Short web captions:
● ● ●

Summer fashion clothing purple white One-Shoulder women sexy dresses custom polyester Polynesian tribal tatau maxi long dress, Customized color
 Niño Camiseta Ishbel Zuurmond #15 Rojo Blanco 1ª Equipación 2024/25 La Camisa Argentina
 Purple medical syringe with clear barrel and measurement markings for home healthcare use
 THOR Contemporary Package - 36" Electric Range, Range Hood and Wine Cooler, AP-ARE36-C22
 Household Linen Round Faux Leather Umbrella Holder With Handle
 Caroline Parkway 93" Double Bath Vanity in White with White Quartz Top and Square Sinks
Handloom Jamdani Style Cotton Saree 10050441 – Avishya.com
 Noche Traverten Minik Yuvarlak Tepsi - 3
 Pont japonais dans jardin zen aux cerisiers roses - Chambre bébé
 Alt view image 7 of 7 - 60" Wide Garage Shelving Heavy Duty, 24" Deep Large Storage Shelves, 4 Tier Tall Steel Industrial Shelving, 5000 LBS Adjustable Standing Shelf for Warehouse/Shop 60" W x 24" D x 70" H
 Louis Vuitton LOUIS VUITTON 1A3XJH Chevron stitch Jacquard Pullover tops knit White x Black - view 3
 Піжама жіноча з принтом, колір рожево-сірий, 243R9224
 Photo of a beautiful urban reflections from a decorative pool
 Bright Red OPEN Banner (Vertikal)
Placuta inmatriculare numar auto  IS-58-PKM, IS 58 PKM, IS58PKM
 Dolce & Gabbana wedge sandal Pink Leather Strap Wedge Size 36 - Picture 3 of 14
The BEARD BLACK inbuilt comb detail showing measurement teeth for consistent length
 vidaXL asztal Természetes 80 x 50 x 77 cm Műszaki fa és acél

● ● ●

__Task to carry out__:
Return, with no change at all, every line in the entries above from the line containing "Pont japonais dans" through the line containing "Alt view image".

__Result__:
 Pont japonais dans jardin zen aux cerisiers roses - Chambre bébé
 Alt view image 7 of 7 - 60" Wide Garage Shelving Heavy Duty, 24" Deep Large Storage Shelves, 4 Tier Tall Steel Industrial Shelving, 5000 LBS Adjustable Standing Shelf for Warehouse/Shop 60" W x 24" D x 70" H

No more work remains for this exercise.